Assignment:
Please repeat, exactly as written, every line from the one containing "EPS 해외이미지 디자인" through the last line of the records, both included, and leave out any pictures.

[Short descriptive text snippets]
=-=-=-=-=
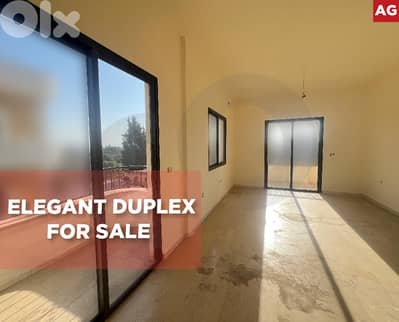 Great deal, great layout, zahle, Taalabaya/تعلبايا REF#AG131157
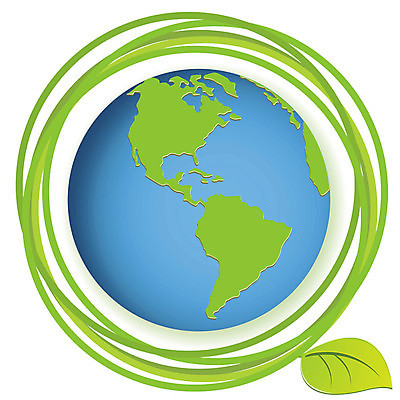 EPS 해외이미지 디자인 지구 컨셉 일러스트 자연 그래픽 초록색 물 세계 지구본 환경 재활용 행성 원형 떨어짐 보호 심볼 오브젝트 사인 에코 유기농 서식 생물학 시트 생태학 해외일러스트 자연요소 도형 웰빙 교육 컬러 우주 친환경 생태계 파일형식 벡터 이미지허브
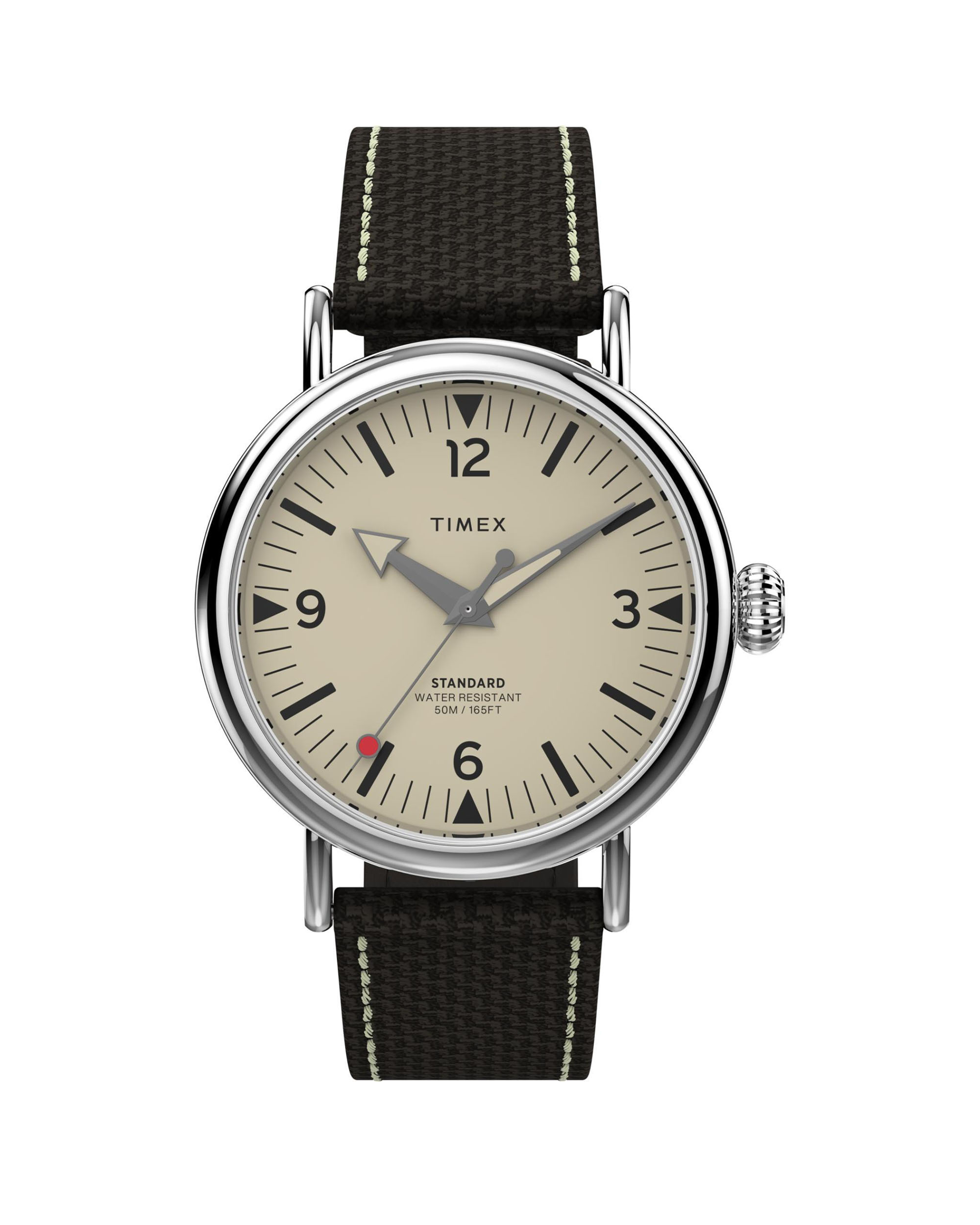 ساعت مچی مردانه تایمکس TIMEX TW2V44100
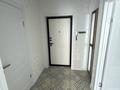 1-комнатная квартира · 40 м² · 6/12 этаж, Чингиза Айтматова 77 — Набережная за 250 000 ₸ в Астане, Сарыарка р-н — фото 8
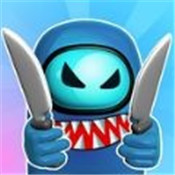 冒名顶替者传奇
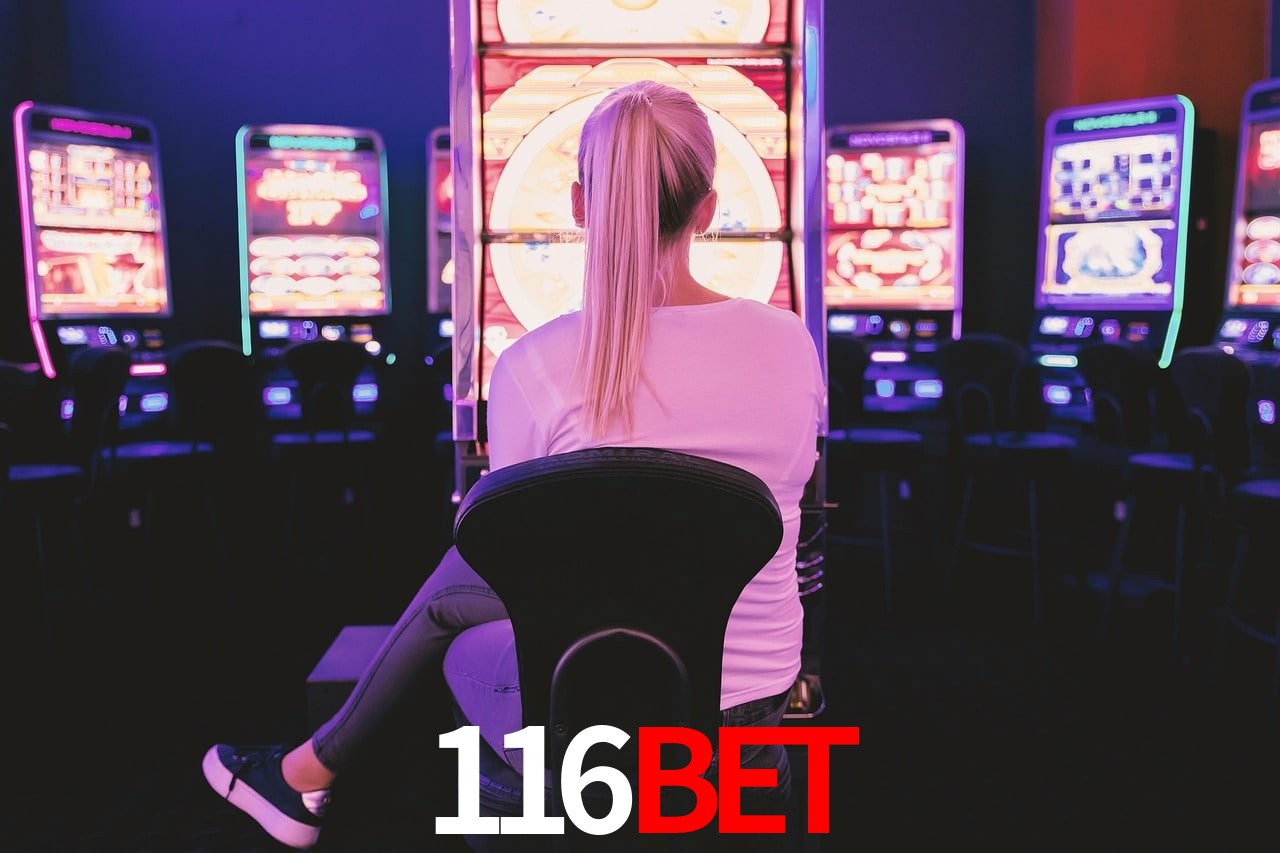 Player Reviews 116BET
=-=-=-=-=
Answer for this exercise:
 EPS 해외이미지 디자인 지구 컨셉 일러스트 자연 그래픽 초록색 물 세계 지구본 환경 재활용 행성 원형 떨어짐 보호 심볼 오브젝트 사인 에코 유기농 서식 생물학 시트 생태학 해외일러스트 자연요소 도형 웰빙 교육 컬러 우주 친환경 생태계 파일형식 벡터 이미지허브
 ساعت مچی مردانه تایمکس TIMEX TW2V44100
 1-комнатная квартира · 40 м² · 6/12 этаж, Чингиза Айтматова 77 — Набережная за 250 000 ₸ в Астане, Сарыарка р-н — фото 8
 冒名顶替者传奇
 Player Reviews 116BET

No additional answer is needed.